Nasci, portanto, nesse bolsão de miséria carimbada para o quartinho de empregada ou para a prostituição. Felizmente não precisei vender o corpo por um prato de comida. Sobrevivi como sobrevivem milhões de pobres em nosso país. Enfrentei gigantescas adversidades que povoam nosso cotidiano, perverso de fome, miséria e sofrimento. Minha vida no campo não foi nada fácil nem muito diferente dos outros camponeses. Ganhava um salário miserável e era explorada pelos coronéis, donos das terras e senhores da vida e da morte. Fui contaminada pelo uso indiscriminado do agrotóxico que éramos obrigados a usar. De positivo nessa vida miserável aprendi a amar a natureza. Conheço todas as flores, todos os cheiros, sei quando vai chover, quando o sertão vai continuar seco, conheço o sorriso e as lágrimas do povo sofrido, o barulho da cascavel, o mugir das reses. Foi pelas mãos dos padres que aprendi que o Evangelho luta contra a opressão. Pela leitura do velho comunista Graciliano Ramos, aprendi a importância de um coração generoso e de uma alma libertária. Foi então, a partir daí que comecei a pensar ser possível construir um mundo cuja igualdade de direitos seja para todos. Um mundo como diz Casaldáliga: “Livre de todas as cercas que nos impedem de viver e de amar”. Não aceitei meu destino. Fui à luta. Trabalhava e estudava. Passava fome. Às vezes ficava dias sem comer. Mas não deixava de comprar livros. Devorava-os. Procurava ler o máximo que podia. Depois passei a freqüentar as bibliotecas públicas e sempre estudando passei a construir um sonho. Um sonho onde todo o excluído pudesse ser alguém. Romper o cerco dessa burguesia dominante que construiu um modelo de sociedade para seus descendentes. Formada comecei uma luta para que todas as pessoas tivessem a mesma oportunidade, sem, contudo ter que passar pelas dificuldades que passei. Percebi que a direita não desejava mudanças. Muito pelo contrário, queria a manutenção desse sistema perverso. Fui buscar guarida no campo da esquerda. Não da chamada esquerda festiva, mas a esquerda ideológica. Quando estávamos quase conseguindo construir uma sociedade mais justa, fraterna, igualitária veio o golpe. A Cia. Americana, com os gorilas brasileiros impediu de realizarmos nossos sonhos; eu não poderia deixar tal coisa acontecer. Fui à luta. E foi essa luta que me trouxe a este cárcere.

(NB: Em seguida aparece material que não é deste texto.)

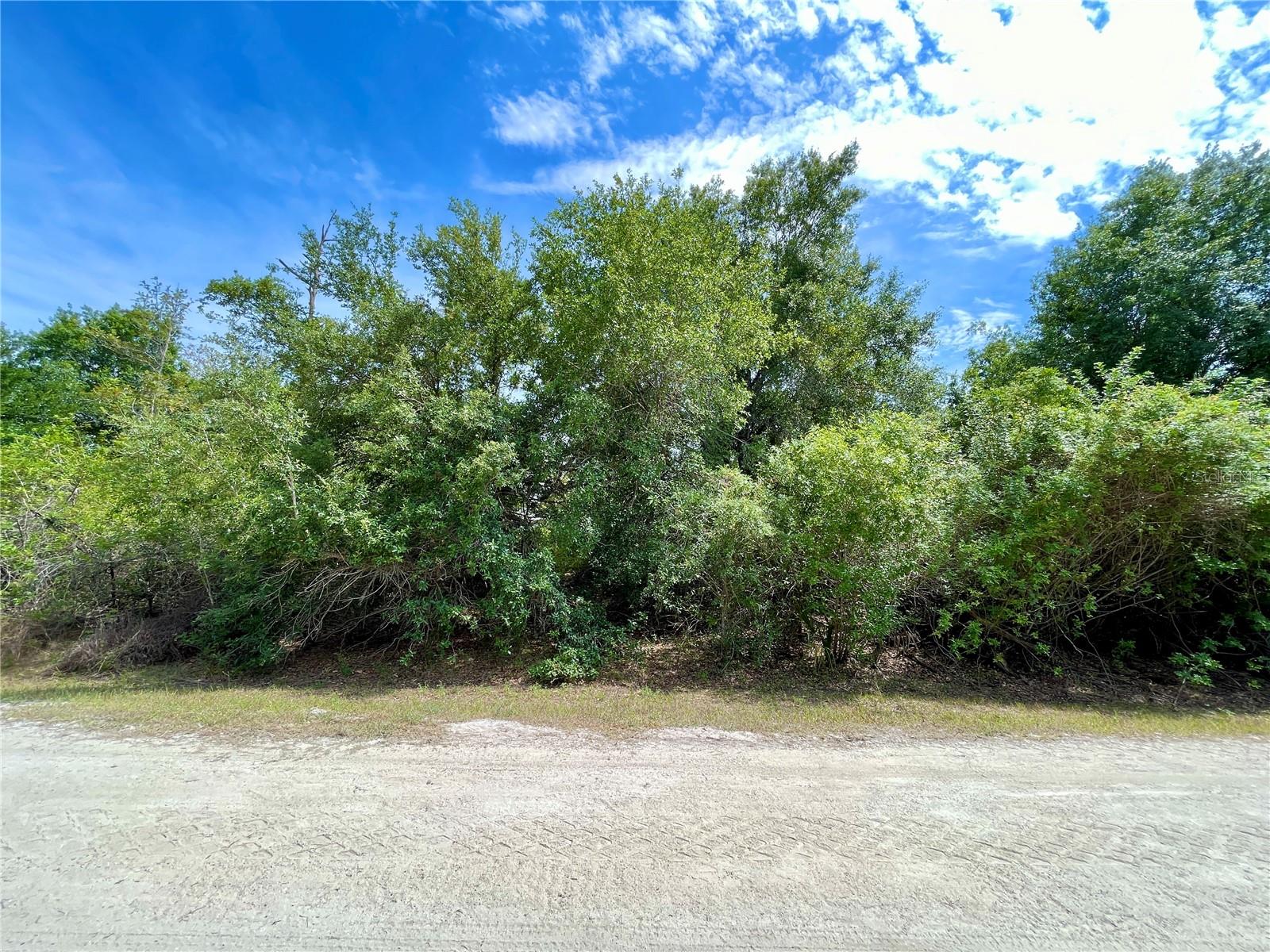 27209 Hacienda Dr Property Photo 2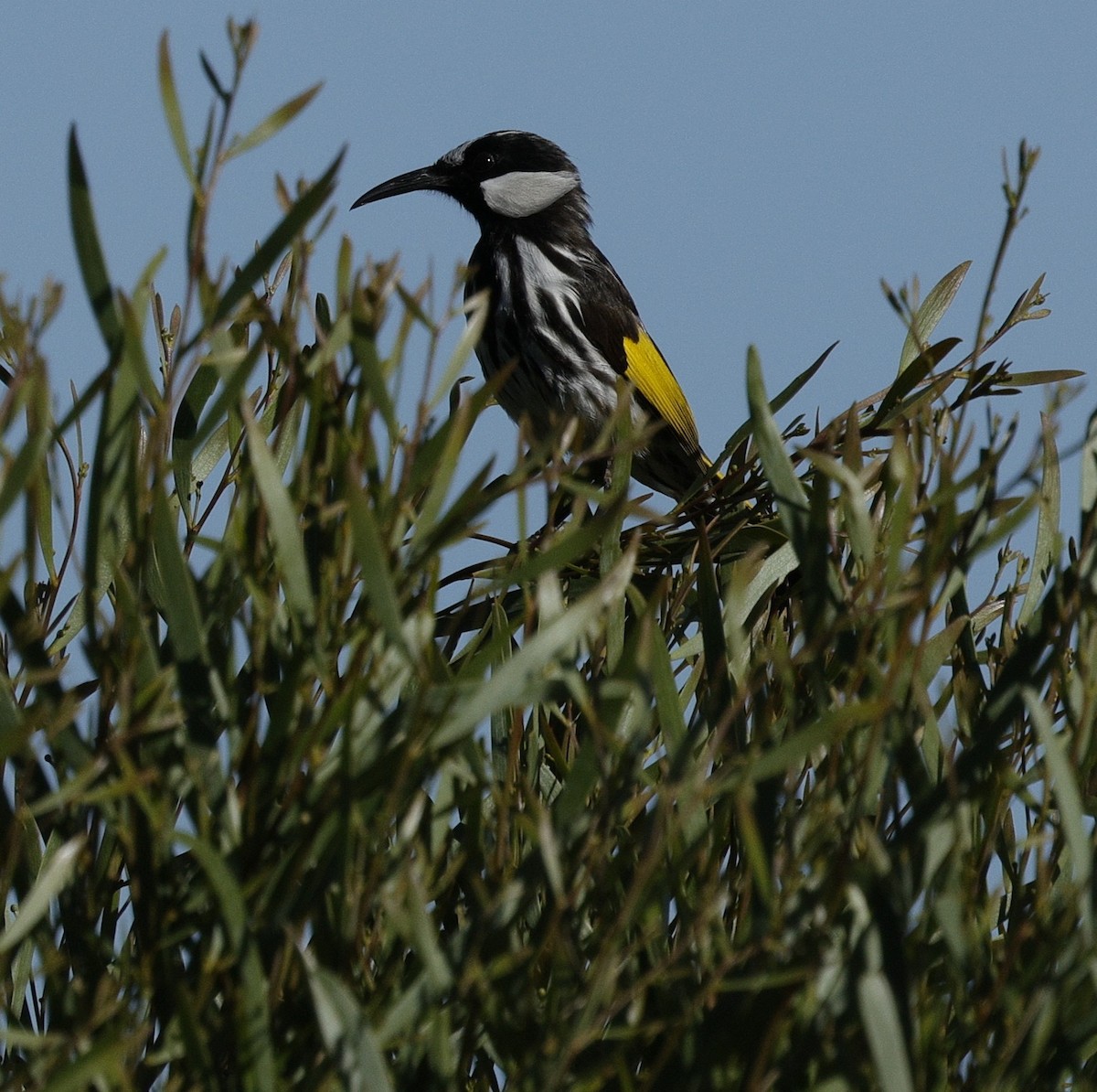 White-cheeked Honeyeater - ML643021539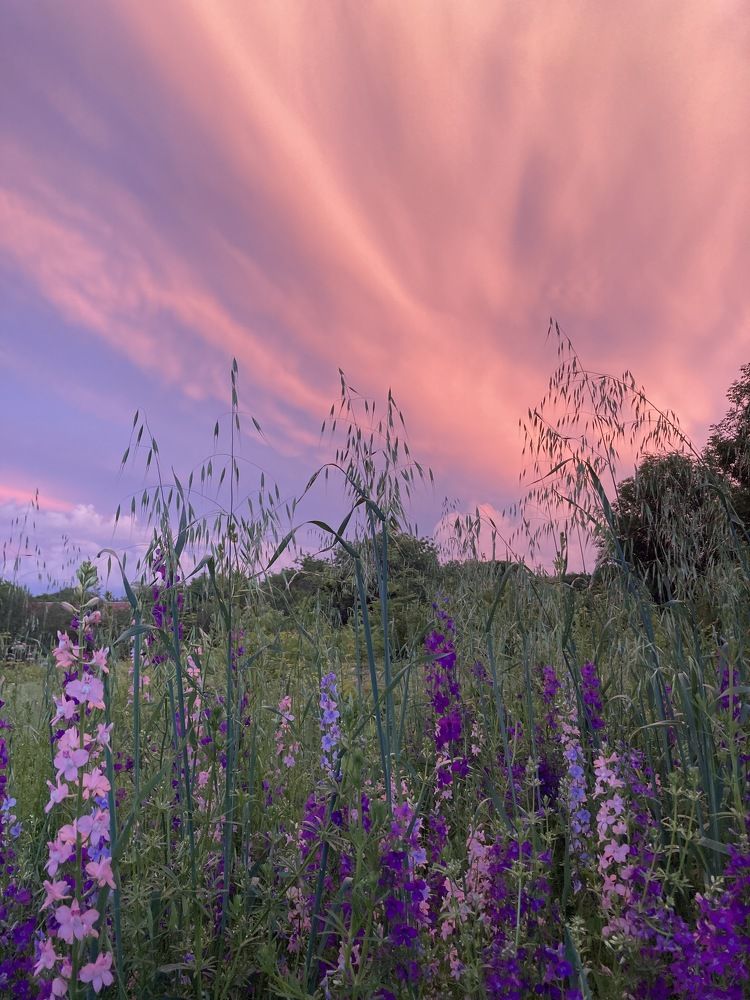 Краски летнего заката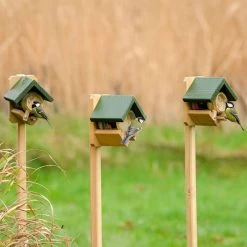 Pole Mounted Dublin Peanut Butter Feeder -Bird Supplies Store 35103 35104 2 2 2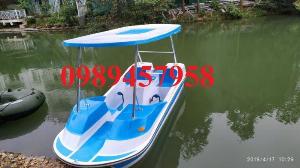 Vịt thiên nga đạp nước, Thuyền đạp cho cả gia đình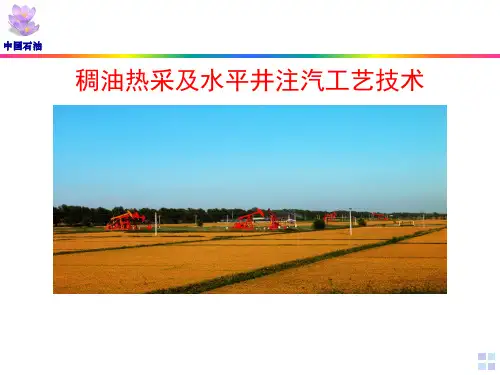 稠油热采及水平井注汽 ppt课件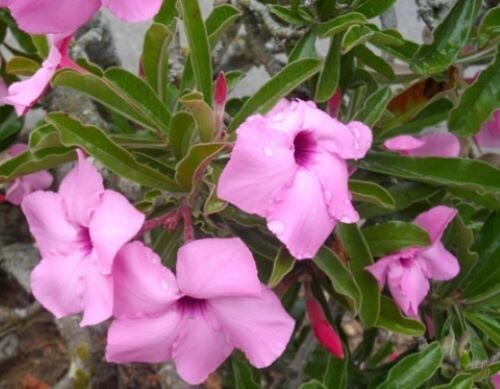 Adenium Swazicum ( Summer Impala Lily ) 1 Year Old Plant, Plus 2 bonus plants!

-E você acha que o comunismo resolveria os nossos problemas sociais, políticos e econômicos?

-Vou lhe responder meu caro jornalista com outra pergunta. Se o capitalismo fracassou porque não experimentarmos uma nova doutrina? Porque temos que seguir o modelo Norte-Americano que só serve pra eles? Será que o povo brasileiro não percebe que os americanos querem nos transformar em colônia? Que bloqueiam o nosso desenvolvimento? Veja o caso da China, só se tornou grande depois que expulsou os capitalistas que durante séculos exploraram o país. Aqui na América Central, a nossa querida Cuba está se tornando um grande país depois que os americanos, foram expulsos do país. Por que esse fato não pode ocorrer no Brasil. E depois só podemos dizer se acertamos ou não, se colocarmos em prática.

- O que você espera da vida? Quais são as suas perspectivas? Você se arrepende de ter abraçado o comunismo como salvação para o Brasil?

- Bem, meu caro jornalista. O que espero da vida! Nada. Nada espero dessa vida, pois, sei que o meu destino já está traçado. Os gorilas já me condenaram. Na guerrilha matei vários militares. Isto eles jamais irão me perdoar. Eles têm sede de sangue.

_Bem, mas você matou.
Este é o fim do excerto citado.